To reproduce the results presented in the paper, first clone the repository in your environment and install the requirements. The file of the requirements was generated through pipreqs. Our enviroment in Google Colab only required the boto3, sacremoses, pytorch-transformers, tensorboardX and transformers==2.6.0 packages.

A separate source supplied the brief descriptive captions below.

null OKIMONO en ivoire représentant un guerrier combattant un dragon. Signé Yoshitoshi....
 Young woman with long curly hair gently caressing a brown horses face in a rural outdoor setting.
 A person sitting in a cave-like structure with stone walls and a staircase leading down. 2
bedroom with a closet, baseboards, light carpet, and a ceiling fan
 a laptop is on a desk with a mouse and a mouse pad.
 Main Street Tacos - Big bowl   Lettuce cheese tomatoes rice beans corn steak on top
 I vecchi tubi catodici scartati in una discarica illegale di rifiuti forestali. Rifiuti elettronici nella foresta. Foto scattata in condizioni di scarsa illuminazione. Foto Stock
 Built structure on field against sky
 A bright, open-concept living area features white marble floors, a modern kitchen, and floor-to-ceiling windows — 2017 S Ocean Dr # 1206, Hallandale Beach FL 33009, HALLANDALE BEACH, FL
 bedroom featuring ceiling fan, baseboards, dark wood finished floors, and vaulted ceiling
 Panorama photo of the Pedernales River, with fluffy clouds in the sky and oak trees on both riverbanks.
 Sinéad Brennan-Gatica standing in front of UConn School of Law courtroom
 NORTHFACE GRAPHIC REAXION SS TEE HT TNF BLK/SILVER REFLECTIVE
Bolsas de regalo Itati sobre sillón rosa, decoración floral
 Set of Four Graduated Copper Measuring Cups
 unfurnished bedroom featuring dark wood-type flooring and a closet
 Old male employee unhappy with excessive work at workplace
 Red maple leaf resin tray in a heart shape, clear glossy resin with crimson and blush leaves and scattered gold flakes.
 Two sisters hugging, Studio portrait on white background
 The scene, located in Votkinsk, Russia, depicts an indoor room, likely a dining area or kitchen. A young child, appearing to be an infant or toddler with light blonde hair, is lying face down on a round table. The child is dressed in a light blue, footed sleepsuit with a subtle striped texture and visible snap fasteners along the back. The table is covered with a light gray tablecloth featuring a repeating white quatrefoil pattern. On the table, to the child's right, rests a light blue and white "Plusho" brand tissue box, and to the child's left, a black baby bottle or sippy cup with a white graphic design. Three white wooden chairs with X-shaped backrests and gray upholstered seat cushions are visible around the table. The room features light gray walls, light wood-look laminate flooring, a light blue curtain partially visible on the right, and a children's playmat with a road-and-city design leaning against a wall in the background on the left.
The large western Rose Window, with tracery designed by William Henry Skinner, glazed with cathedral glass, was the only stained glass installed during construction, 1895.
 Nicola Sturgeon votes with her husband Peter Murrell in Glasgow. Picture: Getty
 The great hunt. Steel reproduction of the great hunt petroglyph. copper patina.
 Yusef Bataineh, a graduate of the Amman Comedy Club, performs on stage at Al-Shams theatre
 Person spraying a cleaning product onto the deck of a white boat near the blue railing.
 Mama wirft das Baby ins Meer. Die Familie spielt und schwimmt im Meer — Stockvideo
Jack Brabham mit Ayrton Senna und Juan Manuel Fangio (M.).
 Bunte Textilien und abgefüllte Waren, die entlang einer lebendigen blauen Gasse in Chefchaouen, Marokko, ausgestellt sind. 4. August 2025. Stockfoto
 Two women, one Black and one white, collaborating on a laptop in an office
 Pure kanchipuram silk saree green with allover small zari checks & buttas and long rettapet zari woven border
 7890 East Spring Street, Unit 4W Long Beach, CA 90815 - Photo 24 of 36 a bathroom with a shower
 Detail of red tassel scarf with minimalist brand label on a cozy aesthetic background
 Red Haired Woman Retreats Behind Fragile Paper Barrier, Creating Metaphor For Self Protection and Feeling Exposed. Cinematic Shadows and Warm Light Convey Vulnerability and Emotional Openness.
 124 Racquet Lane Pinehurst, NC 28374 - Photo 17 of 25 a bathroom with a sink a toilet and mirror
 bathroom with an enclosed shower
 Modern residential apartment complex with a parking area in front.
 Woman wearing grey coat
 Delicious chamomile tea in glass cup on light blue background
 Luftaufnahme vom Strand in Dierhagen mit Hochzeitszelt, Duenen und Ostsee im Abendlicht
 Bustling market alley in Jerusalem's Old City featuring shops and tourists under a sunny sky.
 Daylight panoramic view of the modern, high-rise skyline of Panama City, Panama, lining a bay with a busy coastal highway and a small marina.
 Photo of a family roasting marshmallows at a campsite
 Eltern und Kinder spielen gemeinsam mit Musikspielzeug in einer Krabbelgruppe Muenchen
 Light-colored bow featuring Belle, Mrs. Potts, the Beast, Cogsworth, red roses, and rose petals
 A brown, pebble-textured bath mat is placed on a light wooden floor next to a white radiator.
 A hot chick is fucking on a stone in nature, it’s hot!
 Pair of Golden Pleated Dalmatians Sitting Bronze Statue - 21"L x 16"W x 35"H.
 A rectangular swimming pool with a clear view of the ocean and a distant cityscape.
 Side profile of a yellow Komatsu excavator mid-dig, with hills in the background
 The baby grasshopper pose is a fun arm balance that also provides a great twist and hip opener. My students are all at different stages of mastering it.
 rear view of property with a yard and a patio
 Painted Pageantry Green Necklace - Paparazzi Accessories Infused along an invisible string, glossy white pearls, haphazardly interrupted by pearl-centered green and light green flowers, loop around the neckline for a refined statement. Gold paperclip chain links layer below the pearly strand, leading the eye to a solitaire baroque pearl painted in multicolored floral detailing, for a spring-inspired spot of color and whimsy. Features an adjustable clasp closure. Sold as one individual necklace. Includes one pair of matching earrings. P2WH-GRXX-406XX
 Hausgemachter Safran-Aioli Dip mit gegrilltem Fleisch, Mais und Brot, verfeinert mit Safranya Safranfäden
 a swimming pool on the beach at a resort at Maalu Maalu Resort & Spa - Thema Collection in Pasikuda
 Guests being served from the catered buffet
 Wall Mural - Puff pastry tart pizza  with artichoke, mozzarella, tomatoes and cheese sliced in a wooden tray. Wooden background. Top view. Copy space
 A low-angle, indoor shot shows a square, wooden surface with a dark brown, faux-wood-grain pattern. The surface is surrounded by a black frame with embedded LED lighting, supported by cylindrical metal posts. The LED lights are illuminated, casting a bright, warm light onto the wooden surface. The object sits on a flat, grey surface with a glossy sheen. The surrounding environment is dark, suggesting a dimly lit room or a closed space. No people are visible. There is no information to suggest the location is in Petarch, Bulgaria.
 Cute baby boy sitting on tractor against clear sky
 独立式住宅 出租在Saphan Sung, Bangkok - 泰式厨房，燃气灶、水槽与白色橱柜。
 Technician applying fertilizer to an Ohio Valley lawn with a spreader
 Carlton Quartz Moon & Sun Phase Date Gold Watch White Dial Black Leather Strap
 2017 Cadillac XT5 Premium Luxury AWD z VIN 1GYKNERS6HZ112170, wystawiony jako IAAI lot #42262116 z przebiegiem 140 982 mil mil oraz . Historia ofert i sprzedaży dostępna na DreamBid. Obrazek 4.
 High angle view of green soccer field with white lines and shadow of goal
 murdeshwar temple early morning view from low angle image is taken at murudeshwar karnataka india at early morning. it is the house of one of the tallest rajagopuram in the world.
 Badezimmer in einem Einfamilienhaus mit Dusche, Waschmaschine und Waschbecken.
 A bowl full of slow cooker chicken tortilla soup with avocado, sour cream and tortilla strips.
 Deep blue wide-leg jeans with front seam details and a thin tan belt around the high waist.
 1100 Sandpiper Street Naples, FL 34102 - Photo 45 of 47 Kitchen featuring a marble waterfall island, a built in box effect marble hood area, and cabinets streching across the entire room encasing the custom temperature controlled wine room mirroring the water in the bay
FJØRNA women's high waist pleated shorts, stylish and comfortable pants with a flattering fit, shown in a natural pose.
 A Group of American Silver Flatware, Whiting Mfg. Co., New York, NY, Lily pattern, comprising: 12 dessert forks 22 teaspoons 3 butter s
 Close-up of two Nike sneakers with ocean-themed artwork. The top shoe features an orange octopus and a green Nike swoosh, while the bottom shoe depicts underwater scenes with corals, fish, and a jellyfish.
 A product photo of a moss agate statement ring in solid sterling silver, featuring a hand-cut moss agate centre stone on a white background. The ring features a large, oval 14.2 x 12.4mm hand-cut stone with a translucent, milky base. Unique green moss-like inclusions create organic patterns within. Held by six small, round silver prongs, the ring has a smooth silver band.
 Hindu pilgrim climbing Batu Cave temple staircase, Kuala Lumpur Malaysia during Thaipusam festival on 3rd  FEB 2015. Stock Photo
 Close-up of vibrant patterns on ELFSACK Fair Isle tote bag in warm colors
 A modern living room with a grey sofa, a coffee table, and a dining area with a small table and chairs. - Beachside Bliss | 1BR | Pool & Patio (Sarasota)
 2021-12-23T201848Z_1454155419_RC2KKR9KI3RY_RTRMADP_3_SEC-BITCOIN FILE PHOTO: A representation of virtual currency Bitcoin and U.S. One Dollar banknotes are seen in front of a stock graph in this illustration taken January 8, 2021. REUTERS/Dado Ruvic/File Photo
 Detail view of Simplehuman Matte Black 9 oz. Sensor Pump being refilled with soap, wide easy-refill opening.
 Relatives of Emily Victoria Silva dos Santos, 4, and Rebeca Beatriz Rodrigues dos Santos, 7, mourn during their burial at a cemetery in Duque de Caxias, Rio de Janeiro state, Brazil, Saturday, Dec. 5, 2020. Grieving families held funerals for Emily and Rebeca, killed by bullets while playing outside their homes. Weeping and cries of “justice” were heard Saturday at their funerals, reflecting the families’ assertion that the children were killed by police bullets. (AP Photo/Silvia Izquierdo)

git clone https://github.com/Egojr/optagan.git
cd optagan/
pip install -r requirements.txt
Download a pretrained model from the Optimus repository. Then finetune the model on the dataset of choice:
cd optagan/
python run_lm_vae_training.py \
--output_dir=path/to/finetuned/model/directory \
--dataset EMNLP \
--encoder_model_type=bert \
--encoder_model_name_or_path=bert-base-cased \
--decoder_model_type=gpt2 \
--decoder_model_name_or_path=gpt2 \
--beta 0 \
--ratio_zero 0.5 \
--ratio_increase 0.25 \
--do_train \
--fb_mode 1 \
--dim_target_kl 0.5\
--train_data_file=path/to/train/data/file.txt \
--eval_data_file=path/to/validation/data/file.txt \
--num_train_epochs 1.0 \
--save_steps 10000 \
--logging_steps 1000 \
--overwrite_output_dir \
--per_gpu_train_batch_size=5 \
--block_size 100 \
--length_weighted_loss \
--use_pretrained_model \
--checkpoint_dir=path/to/pretrained/model/step508523 \
--latent_size 768 \
--gloabl_step_eval 508523
Then run the code to train the GAN and finetune the decoder as:
python optagan.py \
--dataset EMNLP \
--checkpoint_dir=path/to/finetuned/model \
--output_dir=path/to/GAN/directory \
--encoder_model_type=bert \
--encoder_model_name_or_path=bert-base-cased \
--decoder_model_type=gpt2 \
--decoder_model_name_or_path=gpt2 \
--train_data_file=path/to/train/data/file.txt \
--valid_data_file=path/to/validation/data/file.txt \
--per_gpu_train_batch_size 256 \
--block_size 100 \
--max_seq_length 50 \
--gloabl_step_eval 10000 \
--latent_size 768 \
--block_dim 100 \
--n_layers 10 \
--interval 50 \
--epochs 50 \
--finetune_decoder True \
--lr_rl 1e-6 \
--epochs_rl 1000 \
--batch_size_rl 32
The code to generate sentences and optionally save them to a file is:
python wgan_test.py \
--checkpoint_dir=path/to/finetuned/model \
--output_dir=path/to/output/directory \
--generator_dir=path/to/GAN/model \
--block_size 100 \
--max_seq_length 60 \
--gloabl_step_eval 10000 \
--latent_size 768 \
--block_dim 100 \
--new_sent 10000 \
--n_layers 10 \
--top_p 0.9 \
--output_name=results \
--save True
Evaluation of the results can be performed by using the two simple and easy to use scripts: get_fid.py and get_bleu.py. To calculate the FID score, however, the GLOVE embeddings and the InferSent model are required, and they can be downloaded from InferSent repository.
We adapt most of our code from Optimus repository and take valuable insights and the value head idea from trl repository.